Friday, January 04, 2008

Caucus Kickoff - Obama, Huckabee first movers
Democrat Barack Obama and Republican Mike Huckabee registered big victories in the debut caucuses in the state of Iowa. The margin of victory for both candidates was handsome considering the poll predications envisaging a tight race. Barack Obama, the first serious African-American candidate in the race for decades, proved too good for the frontrunner Hillary Clinton and contender John Edwards. The predictions had held that Clinton would just scrape through Iowa and Obama would finish second. However, in a dramatic turnaround Obama beat both Clinton and Edwards to claim top spot and rather poignantly said “they said this day would never come”. The fact that Obama is on top of the heap is no surprise. An engaging speaker with a good network of volunteers, supporters and money, Obama has harped craftily on being the agent for change. The Iowa vote will ensure that he carries that momentum for change into New Hampshire where the primaries will be held on Wednesday.
The loss was indeed a setback for Clinton, who claims to be the best prepared, experienced and pedigreed for the top job. A third place finish will surely invigorate her campaign to ensure victories in the upcoming state primaries in New Hampshire, Florida and South Carolina. The New Hampshire vote should go to the Clinton kitty given the fact the East Coast liberal establishment would want the sailing is smooth after the Iowa jolt. The Iowa loss meant that two democratic candidates dropped out of the race. Foreign policy heavyweight Joe Biden and Connecticut Senator Chris Dodd declared the end of their bid for the White House. That leaves only four serious candidates in the fray – Clinton, Obama, Edwards and Richardson. The rest will eventually drop out in the course of the month or latest by February 5th or the adequately titled “super duper Tuesday” when 24 states go to select their candidates.

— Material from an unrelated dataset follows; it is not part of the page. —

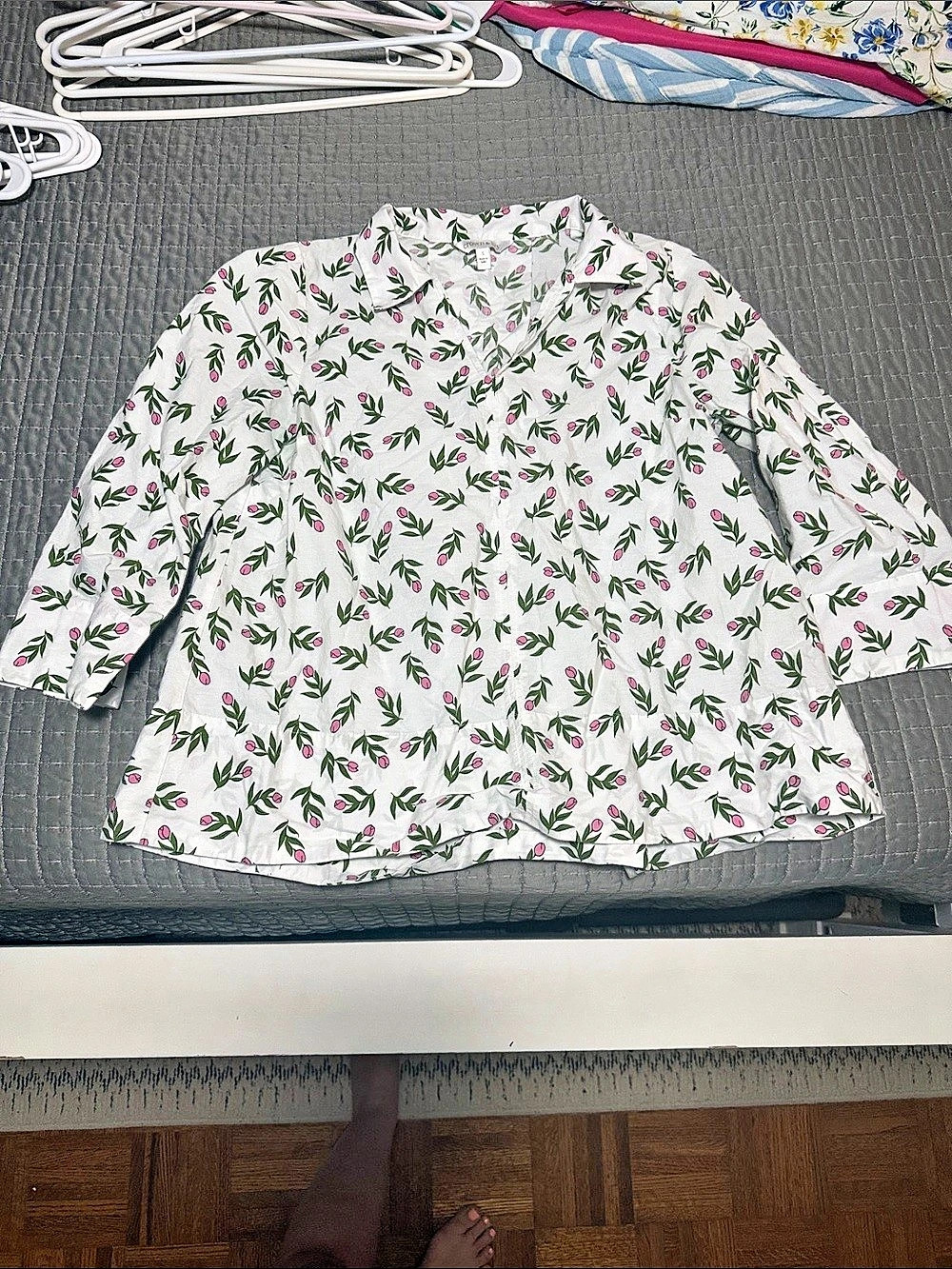 crown & ivy Floral Blouse in White & Pink Size Small Like New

The Republican race is open with Mike Huckabee winning in Iowa but not enjoying much approval across the country. The assumed frontrunner former New York Governor, Rudy Giuliani did not even take part in the contest, expecting a defeat, he finished a dismal sixth. Mitt Romney continues to remain at number two with 25% of the vote. He should go on to win New Hampshire on his fiscal conservative, pro-business policy approach. Huckabee, an ordained Baptist minister, carried Iowa based on the Christian evangelical vote which forms a large majority in the mostly rural state. How he fairs in the rest of the country is debatable. He would like to see the victory’s momentum help him pick up the coming states especially South Carolina, where the religious vote forms an important constituent. Giuliani meanwhile is targeting Florida, which carries a huge chunk of votes to gain momentum for super-duper Tuesday and ultimately get the candidature. However, his strategy may rebound, by not taking the Iowa and New Hampshire states seriously and thereby losing out on the first mover advantage. Romney for all his drawbacks on policy flip-flops and his Mormon religious beliefs appears to be a strong candidate and could just pip the rest to get the nomination. At worst he remains a strong vice-presidential running mate for the man who ultimately gets the nomination. The Iowa vote will also end the lackluster campaign of former “Law and Order” star and Senator Fred Thompson’s campaign. The much touted savior of the republicans fell flat with policy gaffes and a clear lack of depth to stand for the top job. So the Republican race narrows down to three realistic candidates – Romney, Giuliani and McCain. The Republican race, though, is wide open.

The X-factor in these elections remains former New York Mayor Michael Bloomberg. A seasoned Democrat, he quit the party to become the Republican candidate for mayor in 2001. Bloomberg has the money, pedigree and political experience to turn the presidential race on its head. If he does join the fray as an independent, he will cut into the Republican and Democrat votes given his centrist position. He could become the Ralph Nader of 2008 and that prospect will ring fear into strategists on both sides. However, as recently as a couple of days ago, he has ruled out his candidature. But the lack of a clear frontrunner in both or either party’s may just tempt him to jump into the race.

Too much hype has been surrounded on the Iowa vote, it must be pointed out that neither Bill Clinton nor George H.W. Bush won Iowa yet they went on to the win the White House. The ultimate date to watch out for is February 5th. The results of the day will more or less decide who wins the nomination and from then onwards it will become a Democratic versus Republican battle. The election fever has only just begun.